» Items from a dataset:
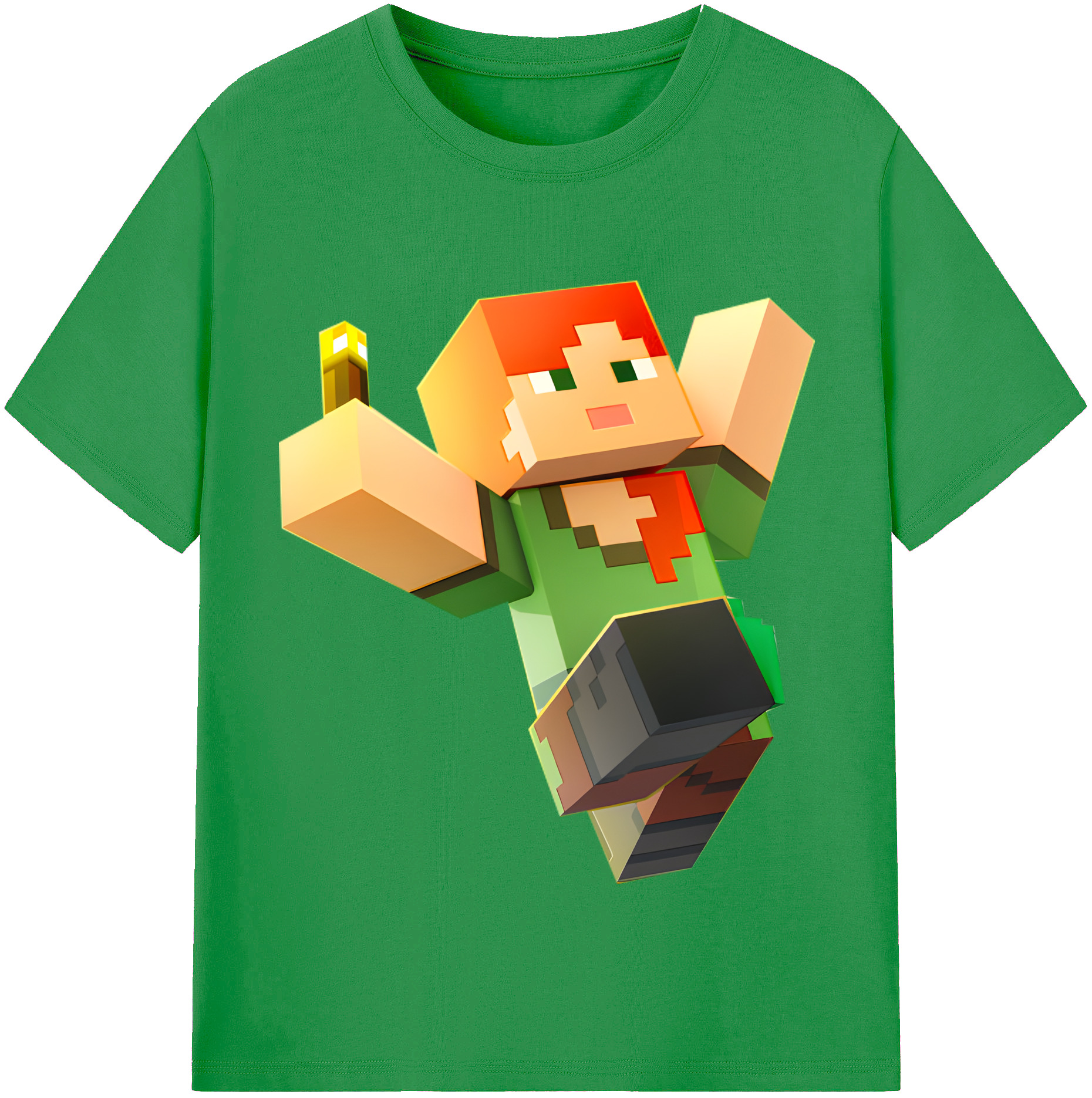 （画像用） マインクラフト ブロックの世界 Minecraft MC Block world レディースカジュアルプリントTシャツ（綿100％）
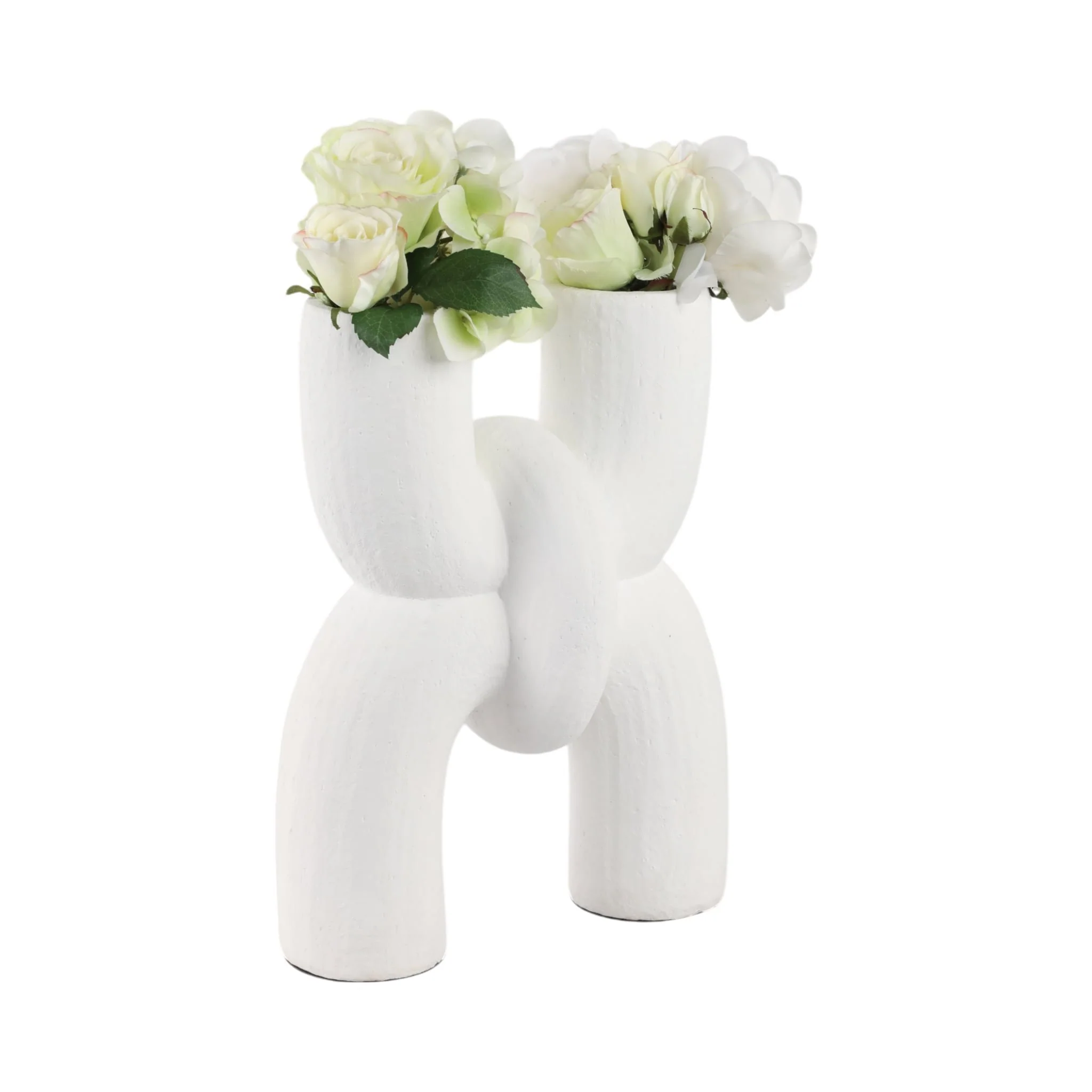 15" Modern X Shape Terracotta Vase, White - Image 2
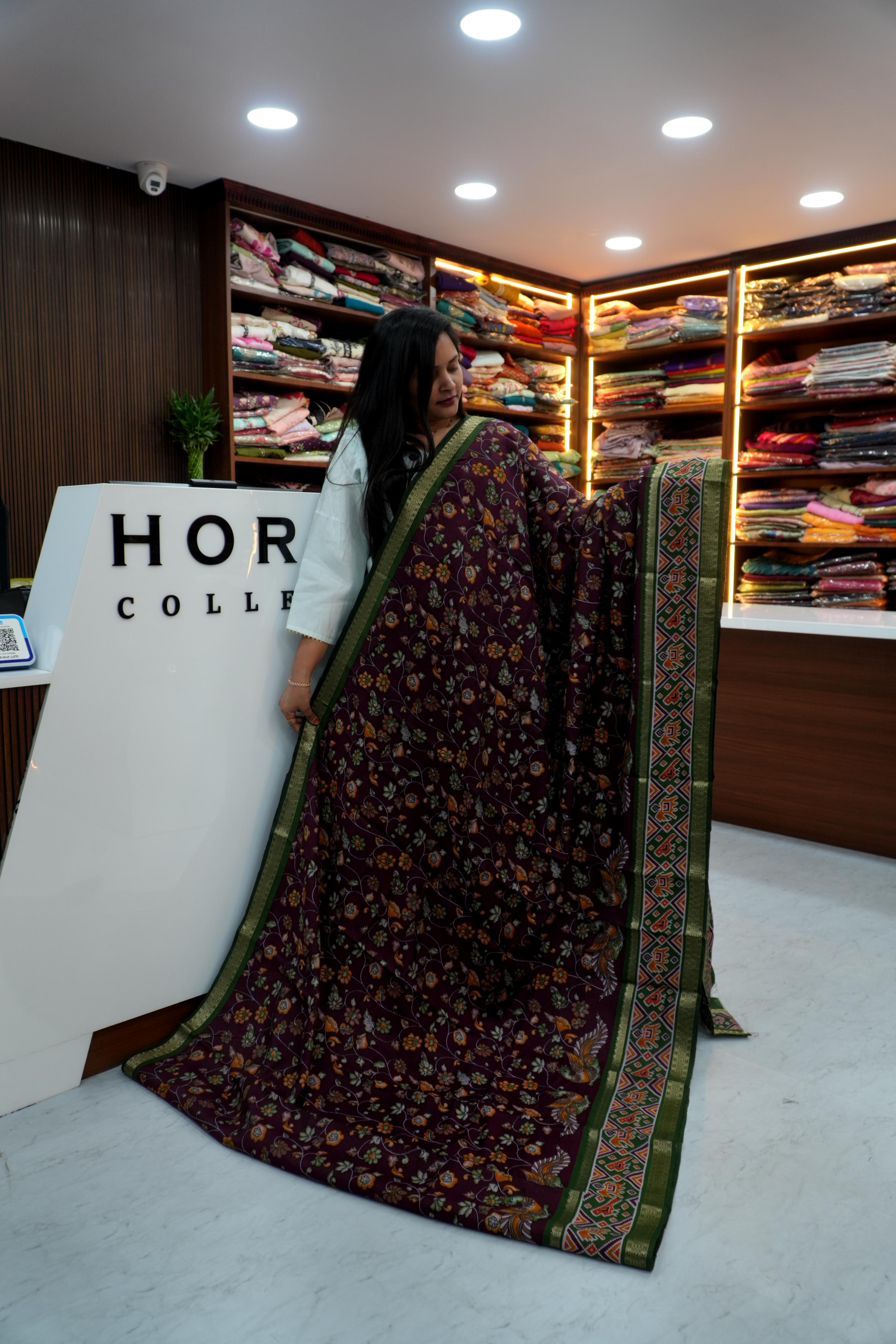 Kalamkari sarees in Maheswari silk fabric and Pochampally borders
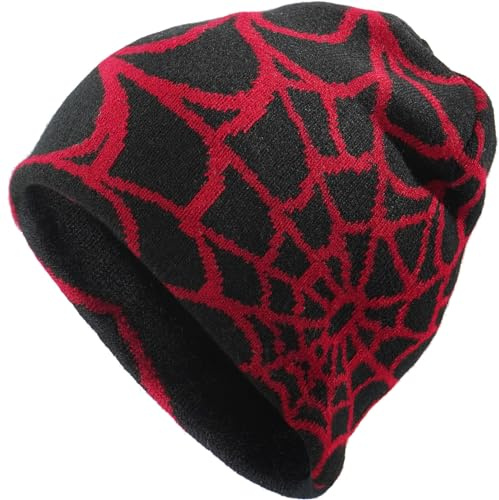 MESU Unisex Strickmütze Hip Hop Cap Slouchy Skull Cap für Damen Herren, rot / schwarz, One size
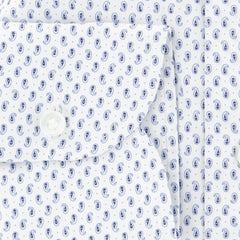 Luigi Borrelli Blue Paisley Cotton Shirt - Slim - (180) - Parent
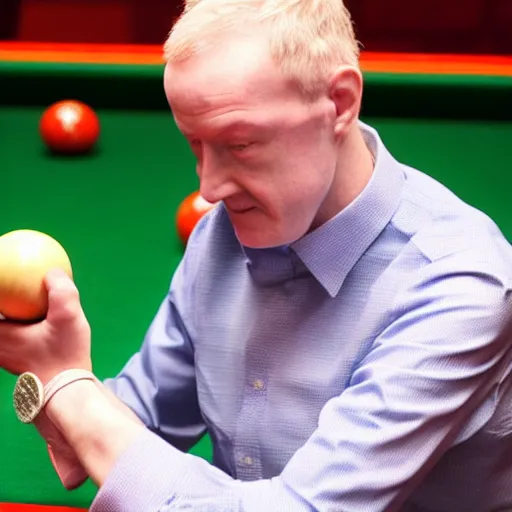 Prompt: snooker player Steve Davis potting an onion in the middle pocket of the snooker table with a snooker cue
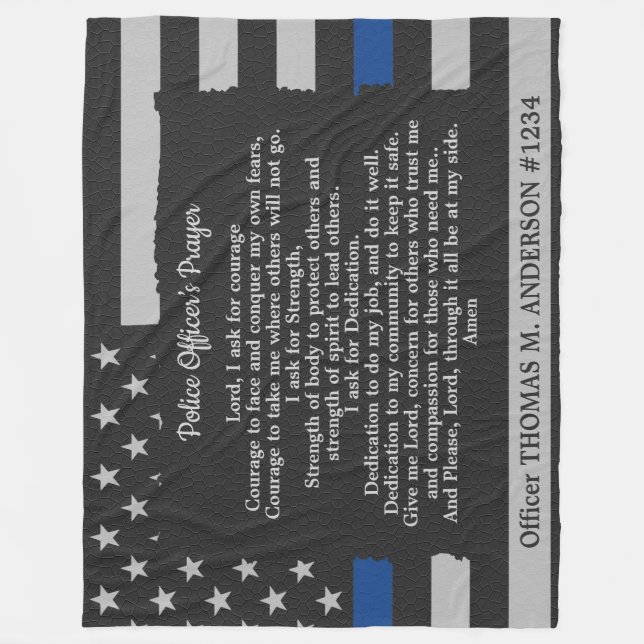Polischef Prayer Grått Leather Thin Blue Line Fleecefilt (Framsidan)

» Task directions:
Every line from the one holding "MESU Unisex Strickmütze" through the final line of the data above is to be reproduced exactly, both ends included, with the pictures left out.

» Written response:
 MESU Unisex Strickmütze Hip Hop Cap Slouchy Skull Cap für Damen Herren, rot / schwarz, One size
 Luigi Borrelli Blue Paisley Cotton Shirt - Slim - (180) - Parent
 Prompt: snooker player Steve Davis potting an onion in the middle pocket of the snooker table with a snooker cue
Polischef Prayer Grått Leather Thin Blue Line Fleecefilt (Framsidan)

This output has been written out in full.